Lupa Digital is a project developed within the scope of the Arquivo.pt Awards 2025 competition, focused on intelligent metajournalism. Using artificial intelligence tools, the project analyzes thousands of journalistic articles since the dawn of the digital era to discover patterns, trends, and relevant insights on any topic. The goal is to transform large volumes of journalistic information into useful and accessible knowledge, contributing to the strengthening of media literacy and a more critical understanding of the information ecosystem.
The project development occurred in several stages, each documented in detail in the GitHub repository, and modular.
The first stage involved creating a crawler to collect news articles from the Arquivo.pt website, a digital preservation platform for web content. The crawler was developed in Python, using libraries like Scrapy and BeautifulSoup to extract relevant article information such as title and date.

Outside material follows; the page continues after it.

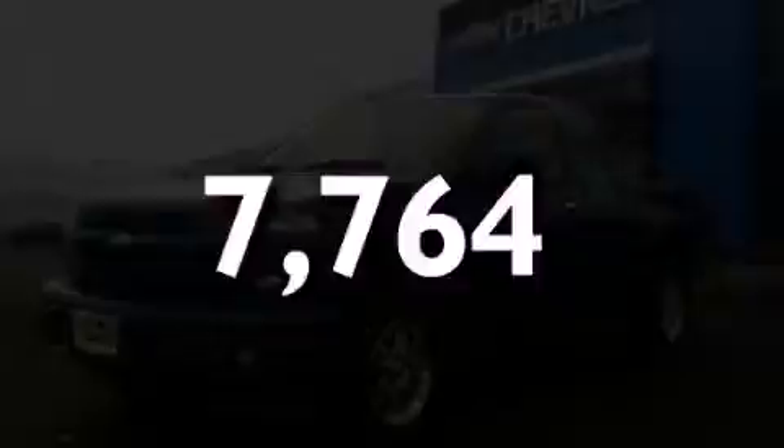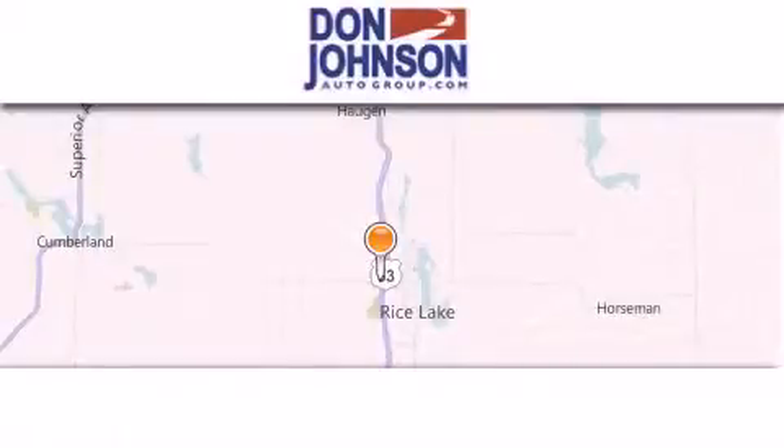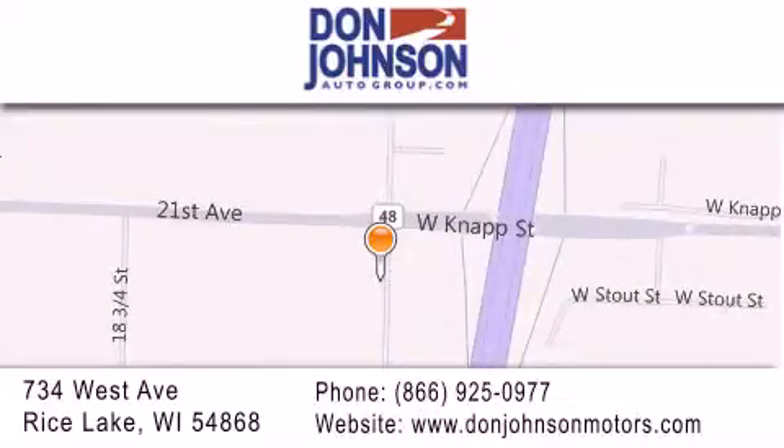Contact us today to arrange your test drive. Don Johnson Motors is located at 734 West Avenue in Rice Lake. Our goal is to exceed all of your expectations to ensure that you'll return for future visits.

The second stage focused on developing data validation and mining tools, using Spark, web scraping, NLP techniques, and machine learning to validate and analyze the collected data. This phase included data cleaning and transformation, where Spark was essential for efficiently processing large data volumes, and NLP techniques extracted relevant information from the texts. Machine learning models were implemented to identify patterns and trends, analyzing over 3 million articles, about 300,000 of which were unique and valid.
The third stage consisted of cleaning, structuring, and analyzing the data to ensure quality and consistency. Duplicates were removed, formats normalized, and data validated. Exploratory analysis used descriptive statistics and visualization to identify relevant patterns and trends in the journalistic articles.
The fourth stage created a web interface where users can search and explore the data. Developed with the Flask framework and Spark functions, this interface allows searching any topic, visualizing mentions over time in the Portuguese media, exploring relationships between themes such as “health” and “politics” or “education,” and displaying an interactive graph with the 125 most relevant relations of the searched topic. The visualization facilitates intuitive exploration of thematic connections.
The fifth stage involved implementing the web application with Docker, Nginx, and other technologies to ensure scalability and availability. Using Docker enables isolated containers for each component, easing development and deployment, while Nginx acts as the web server to deliver the Flask application quickly and efficiently.
Currently, the web application is offline after months of uptime due to hosting costs, but the source code remains available in the GitHub repository for local replication.
I highly recommend exploring the GitHub repository for more details about the project.
Participation in the Arquivo.pt Awards 2025 was recognized with a TOP 5 placement, with a personal invitation to present to the competition jury.